I saw your question to me on JU but I can't get there to reply to it now. I see you have a discussion going here too so I'll respond here.

The heart of my system is micromachined accellerometers:

http://products.analog.com/products/...roduct=ADXL202

These accellerometers can be used to measure tilt. I am interfacing them with a microcontroller. In essence, it is polishing the ultimate turd accessory, the Inclin-O-Meter. Except I get to do a lot more things with the data and have more Inclin-O-Meters in strange places; namely, I can get data on any part of my vehicle that can exist in a plane, and can orient itself in up to 2 dimensions. The frame, axles, driveshafts, control arms, steering components, wheels, et al. I can also calculate how these different planes orient with respect to each other, which is really the most important part of the system. By using the parameters of my vehicle, I can basically reconstruct graphically what it's doing in real-time.

Then I can take it further. I could allow the driver to orient the graphical representation with respect to his own angle of inclination, or orient it with respect to the earth (flat). I plan to add infrared distance sensors to the system, so that when correctly positioned, they can notify me on my display when an object lies infront of or in back of a tire, or infront of a skid or other part, and display to me how close that object is. In addition I could add accellerometers to the wheels to determine wheel spin (and not just if wheel spin exists, but also to what degree it exists, and what forces are involved).

I could combine this data with USGS Topo data and a GPS module, and even a previous record of the trail using this system, and graphically superimpose this data on my display. To that I could add an RF module and have someone else in another vehicle some distance away see exactly where the vehicle is and what it is doing.

Ultimately, I could make such a system smart. It could determine that the vehicle is about to do an endo, and when wired into an electronic throttle control system, throttle out of a rollover if the driver doesn't respond in time. Or if one was travelling uphill and was about to roll backwards the system could shift an electronically controlled automatic transmission into neutral and let the vehicle roll back downhill instead of letting the driver use the stupid pedal to try and get it up and over when it is hopeless to even try such a move. Obviously such situations would have massive computational complexity to even work right (and work safely), but it could be taught to do that. Hopefully you are able to see where else this could go as there are an infinite number of possibilities with such a system that can do this kind of data acquisition.

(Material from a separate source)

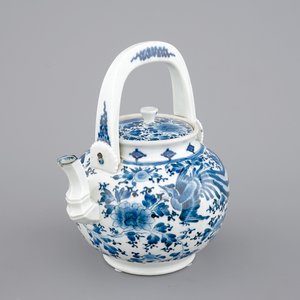 A Japanese blue and white arita porcelain sake ewer, 17/18th C — photo 1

Now, to take a step back into reality, I am currently only at the stage where I only have one accellerometer interfaced, and I am simply trying to filter out unwanted noise from that system (mainly vibration). That alone has proved time consuming and I hardly have time to work on this as it is. I don't have a graphical interface yet and have only really started to theorize about how I might develop that. I have several ideas thought out, ranging from just using a cheap lcd panel and nothing more than Pong-level graphics, to using an old Palm Pilot, to using an actual laptop and creating a rendered OpenGL display. Using OpenGL gives me the most freedom and capability but it would also be the most bulky and complex system. I hope to find some sort of happy medium.

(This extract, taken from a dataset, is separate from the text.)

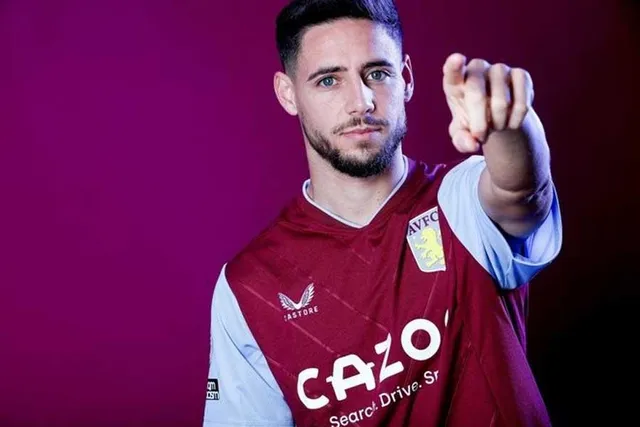 কত টাকায় অ্যালেক্স মোরেনোকে চুক্তিবদ্ধ করেছে অ্যাস্টন ভিলা জানেন?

Your system is far more practical and far less prone to failure than this one. I may never even get the system I have described off the ground at all. It is different in that I am less concerned about this actually being practical than seeing what I can actually learn from developing it. I infact expect NONE of it to be practical or useful, but I'm also not doing it for the gee-whiz factor. If something practical came of it, then I will probably stumble across that anyways.

As I said, this system would probably not be able to exist in place of a system like yours. Cameras provide way more visual information to the driver than my system ever could. Like I said, though, I think it might complement a system like yours nicely. That said, I don't think either of these systems could ever replace a human spotter--no way. However that doesn't seem to be the real goal with either of our projects; moreso, it is to provide the driver with more information than they would normally have.

Hope that makes sense.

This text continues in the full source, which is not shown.